Exasim supports GPU execution through installed CUDA and HIP package variants and generated Kokkos-style model kernels. GPU execution is most effective when the simulation performs substantial element-local work per byte transferred.

Execution Model

The backend allocates runtime arrays through backend-aware allocation helpers and keeps large solution, residual, mesh, and temporary arrays resident on the active backend when possible. Generated model functions provide Kokkos-prefixed callbacks such as flux, source, boundary, output, QoI, and visualization kernels.

flowchart LR
  HOST["host setup<br/>datain/*.bin"] --> COPY["copy to backend memory"]
  COPY --> KERNELS["element / face / model kernels"]
  KERNELS --> BLAS["cuBLAS / hipBLAS / backend BLAS"]
  BLAS --> SOLVE["Newton-GMRES"]
  SOLVE --> OUTPUT["copy/write selected outputs"]

CUDA And HIP

The installed Exasim package exports CPU and GPU library variants. CUDA builds target NVIDIA GPUs; HIP builds target AMD GPUs. The selected executable links to the matching library target and uses the compiler/runtime for that backend.

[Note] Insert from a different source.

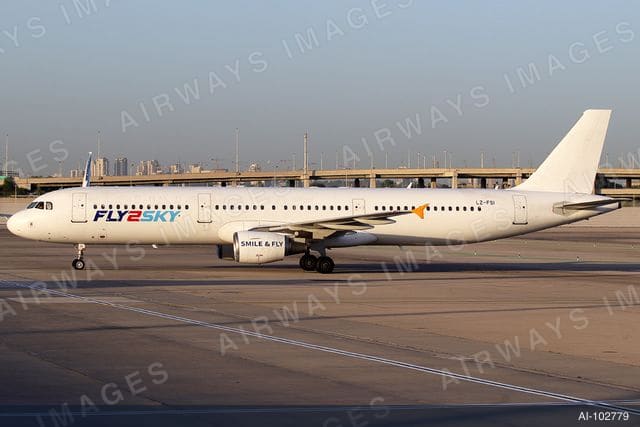LZ-FSI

What Should Stay On The GPU

For performance, the following should remain backend-resident during a solve:

  • solution arrays (udg, wdg, uh, and related work arrays);
  • residual and Krylov vectors;
  • element and face geometry data;
  • local matrix blocks for HDG;
  • preconditioner storage;
  • generated model-kernel input/output arrays.

Host-device transfers should occur at setup, output, restart/postprocessing, or explicit parameter updates, not inside every quadrature or element loop.

LDG On GPUs

LDG matrix-free GMRES repeatedly evaluates residuals and matrix-vector products. This is GPU-friendly when residual kernels are sufficiently arithmetic-heavy, but performance can suffer if residual differencing introduces many small kernel launches or synchronization points.

HDG On GPUs

HDG performs more local matrix work and trace-system operations. It can achieve high arithmetic intensity in local element kernels and dense linear algebra, but memory use for element matrices and preconditioner blocks must be monitored.

Performance Guidance

  • Increase polynomial order only when the extra arithmetic improves accuracy or amortizes memory movement.
  • Avoid frequent output in GPU runs; writing requires host-visible data.
  • Compare CPU and GPU residual histories for small cases before trusting a new GPU model.
  • For parameter sweeps, ensure each case updates both host-side and device-side physics parameters.
  • Use backend-specific profilers such as Nsight Systems/Compute or rocprof when investigating performance.

Correctness Guidance

GPU bugs often appear as stale data or backend mismatch rather than arithmetic errors. Check:

  • all case-dependent parameters are copied to device memory;
  • initialization callbacks run after parameter updates when required;
  • output buffers are copied back before file writes;
  • CUDA/HIP executable is linked against the matching Exasim package variant;
  • MPI rank-to-GPU mapping is correct on multi-GPU systems.